A peine la loi anti-diffamation (dite du “lachon hara”) autorisée que les premières contestations fusaient. Le Premier Ministre s’empressa de préciser que seule l’information mensongère sera punie. Mais comment sanctionner la diffamation volontaire du journaliste militant sans risquer de frapper d’anathème le journaliste vertueux ayant commis une erreur par mégarde ? C’est l’épineux problème de l’intention que devront trancher les juges, sans compter sur la désertion d’honnêtes journalistes qui préféreront faire des reportages sur la reproduction des cloportes ou sur la floraison des tulipes pour fuir le risque d’avoir à verser des indemnités faramineuses.
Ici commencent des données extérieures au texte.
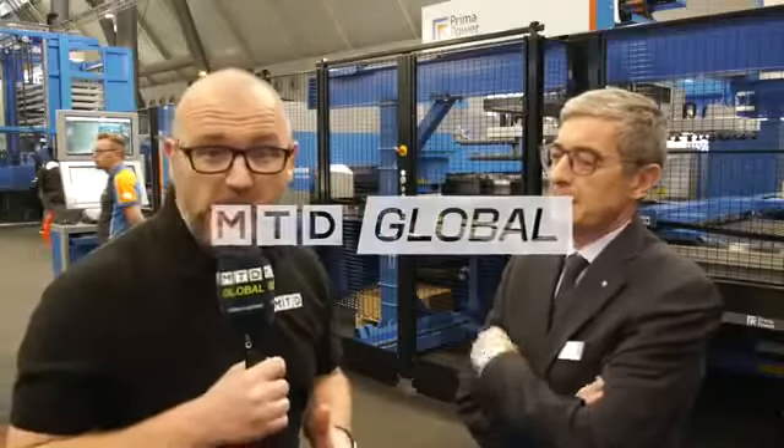I'm here on the booth of Prima Power. We've got more innovation from the guys — it's a Combi Genius. It's been around for a while, but we've got new innovation. Tell us about the laser, please, Claudio.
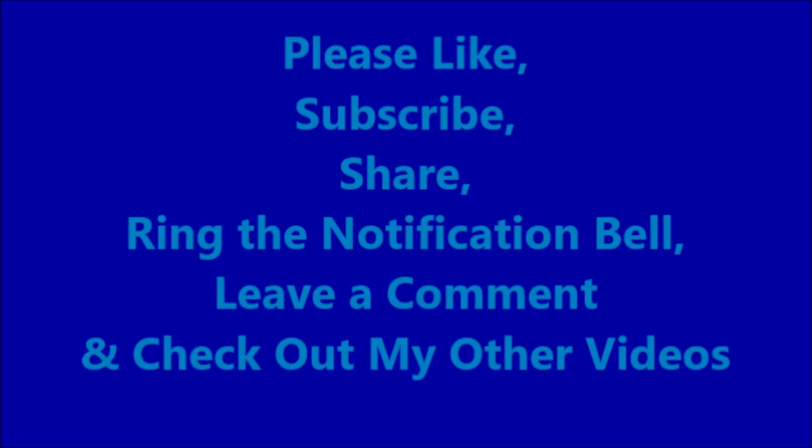Hey guys, I appreciate all you guys that support this channel. Please like, subscribe, share, ring the notification bell, leave a comment, and check out my other videos. Hopefully you guys are having a great week. Thank you.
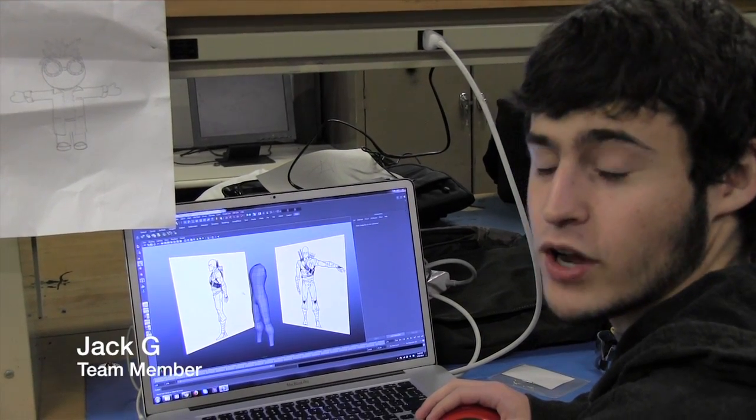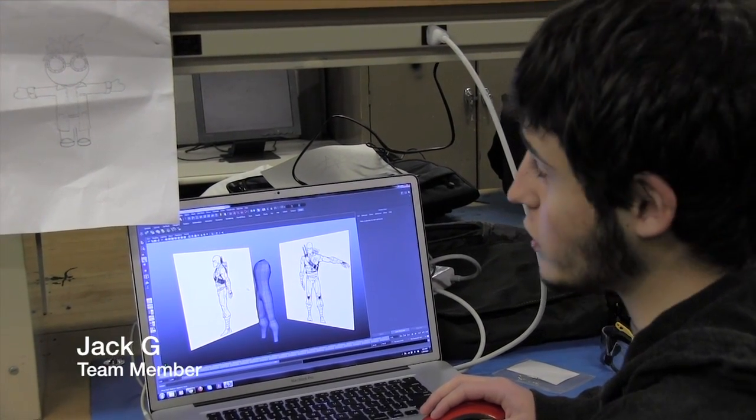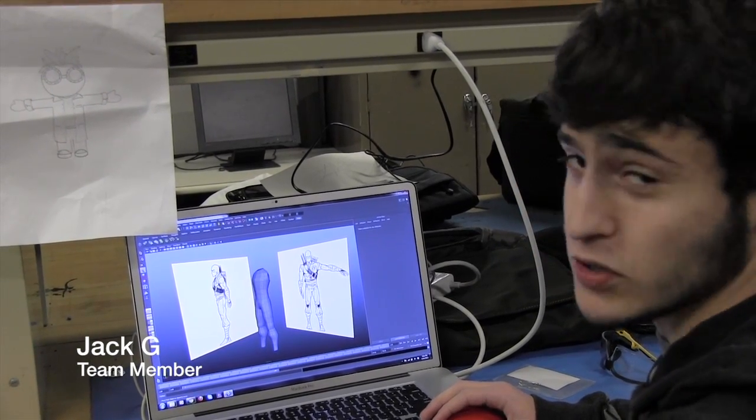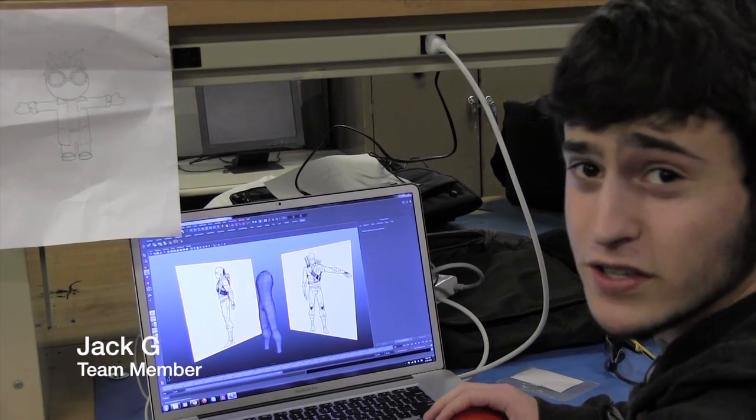So this week in animation we're working on character modeling. What we're doing is we're drawing out our characters on paper and we're going to scan them in and put them in as reference images like this one you see here. This is a ninja that's currently in progress.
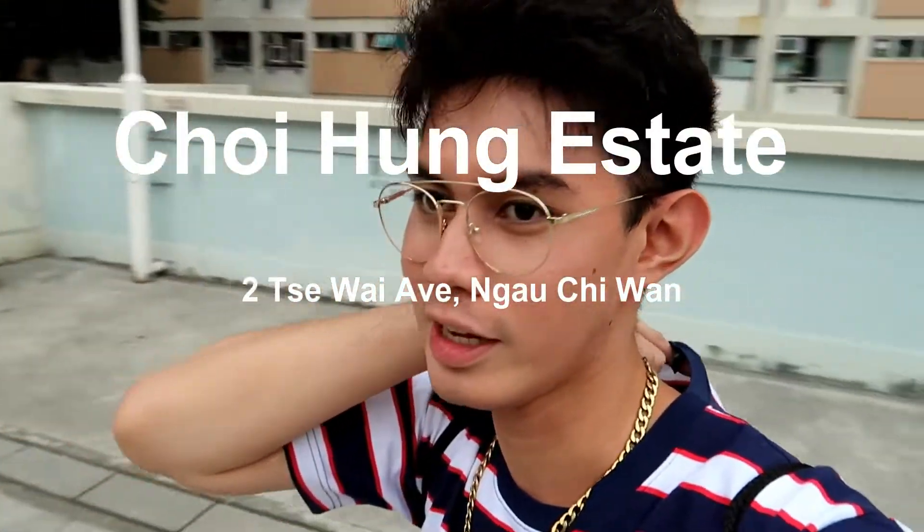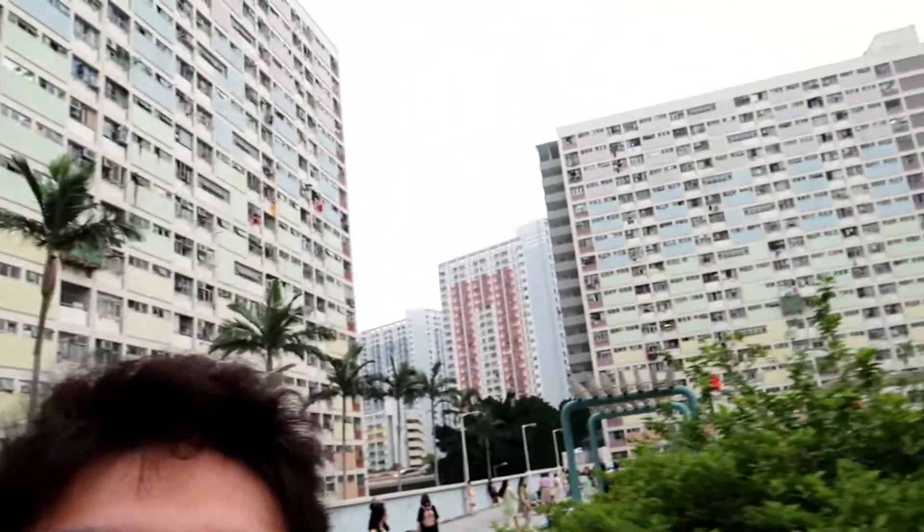Our next location is the Choihong Estate. It is located near the Choihong Station. It is popular due to its colorful surroundings. I suggest that you also come here early because there are so many people that are doing photo shoots here.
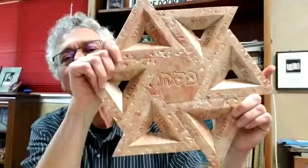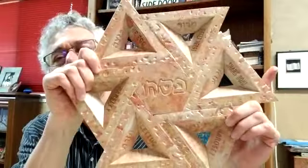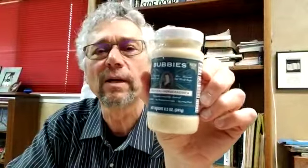We always have a Seder plate like this. This is an unusual Seder plate — it's made out of stone and comes from Israel. It's a beautiful plate. We do have little glass bowls that fit in here, holding all the ceremonial items. The ceremonial items include a shank bone of a lamb and bitter herbs. We usually have fresh horseradish, but we just have jarred horseradish — Bubbies — for right now.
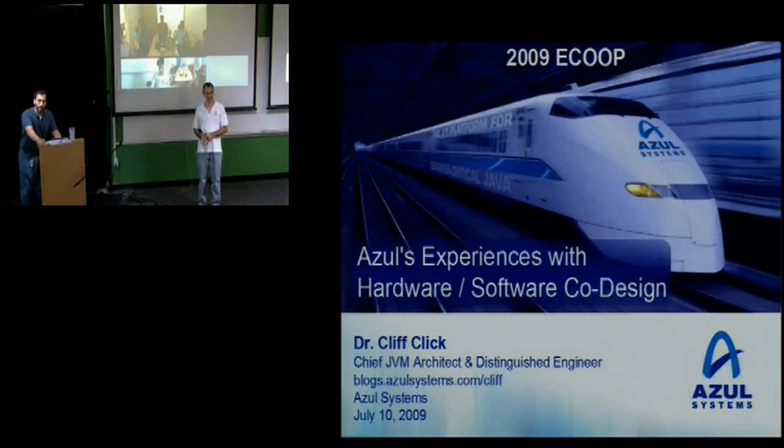It's my pleasure to welcome today to Google Dr. Cliff Click. He's the Chief JVM Architect at Azul Systems. He's one of the lead architects on the HotSpot server compiler back in the days when he used to work at Sun. He's here today to talk to us about Azul's experience with lots and lots of cores and hardware/software co-design.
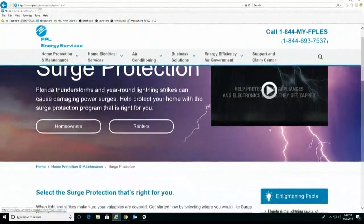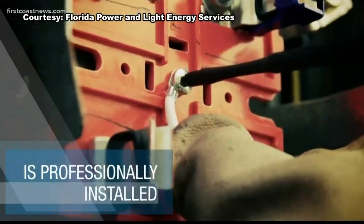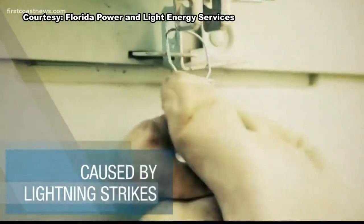Natterer says his company and energy services like Florida Power and Light provide these types of protection services. Lightning hits the ground and sends a surge through your home, your electrical system — but that surge protector intercepts it and tries to send it into the ground.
Or si le pouvoir médiatique ne joue plus son rôle, ne risque-t-on pas d’assister à une dérive du pouvoir politique, une fois privé de son garde-chiourme ?
D’autre part, puisque la nouvelle loi anti-diffamation nécessite d’être repensée, pourquoi ne pas la structurer directement autour de l’injonction hébraïque « Tu ne porteras pas de faux témoignage » qui intègre déjà dans sa formulation la notion d’intention ? Israël n’est-il pas un État juif ?
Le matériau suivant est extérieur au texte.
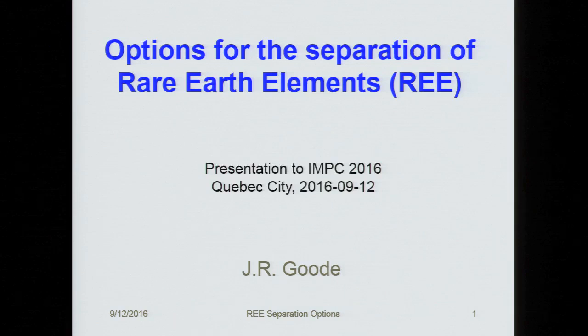Ladies and gentlemen, if we can get started. My name is Ron Molnar and I want to welcome you to this session on Rare Earths. James Brown has kindly agreed to help me out, so on behalf of both of us, welcome to the session. Our first speaker this afternoon is John Goode, our keynote speaker, because we wouldn't be here without John and Niels and Mike Johnson. It's my pleasure to welcome a fellow Imperial College guy.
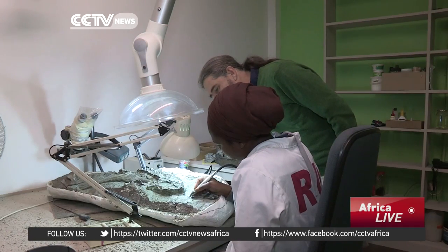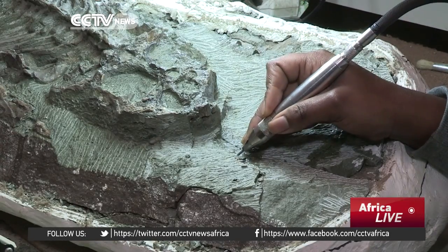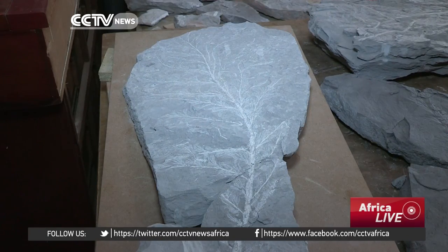The fossils date back to a time when Africa was joined with South America, Australia and Antarctica, part of a supercontinent known as Gondwana. This region would have been in the centre of Gondwana, and the fossils are expected to tell us a little more about what was going on then.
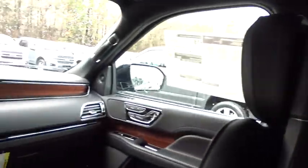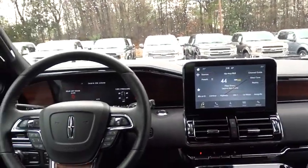Take this vehicle for a spin and see why so many shoppers are now proud owners.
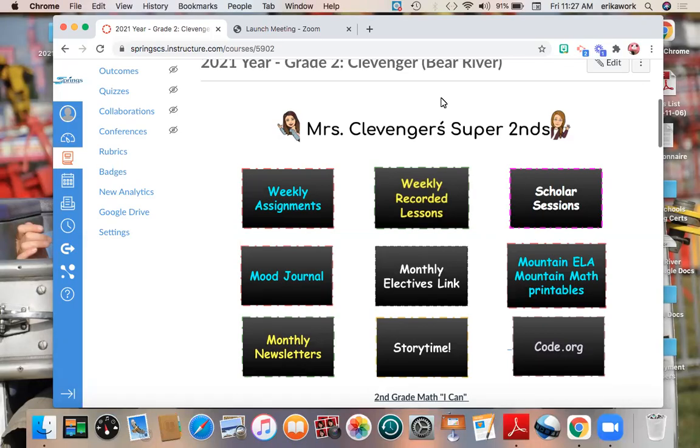Hi friends. So for today, Friday the 12th, we have virtual field trips this afternoon. There are no NTSS meetings, there's no scholar sessions — it's virtual field trip after our math test.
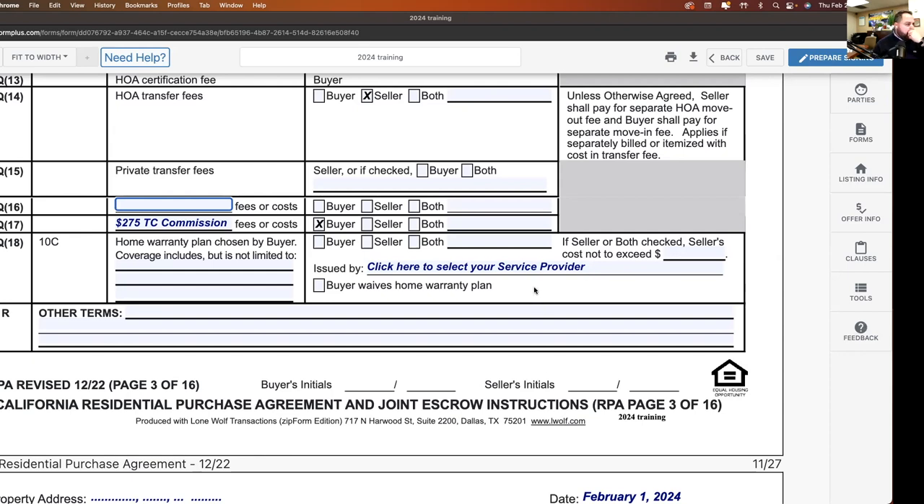Home warranty plan — chosen by the buyer, paid by the seller is the norm. Know the costs and coverages of the plan you're getting. I always see people put $700 and don't put anything else. When you do select a company like Old Republic, put your rep's name — for example, Gloria Navarro — because if it goes to an outside escrow and you just put 'Old Republic,' they're going to...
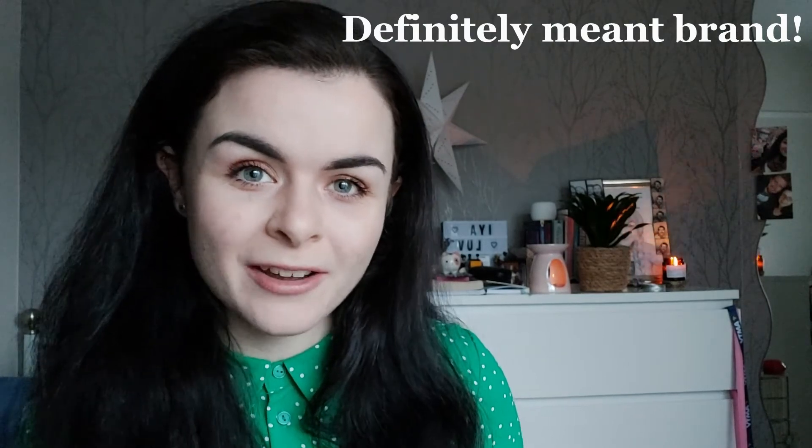Hiya loves and welcome back to my YouTube channel. If you're new here, hello, my name is Becca and I've got something really exciting to tell you. There is a makeup range in America called ColourPop — they are vegan and cruelty free — and on the 28th of January at 10am PST they released a range of makeup in collaboration with Animal Crossing: New Horizons.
Georges-Elia Sarfati – Fondateur de l’Université Populaire de Jérusalem
La Knesset aurait-elle décidé d’introduire une régulation morale dans la vie médiatique et les mœurs de notre pays ? Nul ne peut impunément médire d’autrui, fut-il fondé à le faire. Tel est l’enseignement de la tradition juive. Vous me donnez là l’occasion d’évoquer une affaire récente : voilà plusieurs mois qu’à la suite d’une émission populaire où il s’agissait d’enquêter sur une communauté bien connue de Brastlav, dont un groupe a été arrêté, démantelé, lynché par les médias sans que nul ne trouve à y redire. Nous sommes là dans un situation de procès en sorcellerie, qui nous fait honte. Or le dossier est vide : Daniel Ambach – qui est un ami de trente ans -, après avoir été présenté comme un monstre, a été jeté en prison où il se trouve depuis des mois, les membres de sa famille soumis à des violences extrêmes, placés dans différents foyers avec interdiction faite aux femmes de voir leurs enfants. Ce malheur qui a fait la jouissance animale du amha est d’abord l’œuvre des médias. Peut-on ici douter que le préjudice ne soit pas établi ? La moindre des choses serait de demander des comptes aux artisans de ce crime.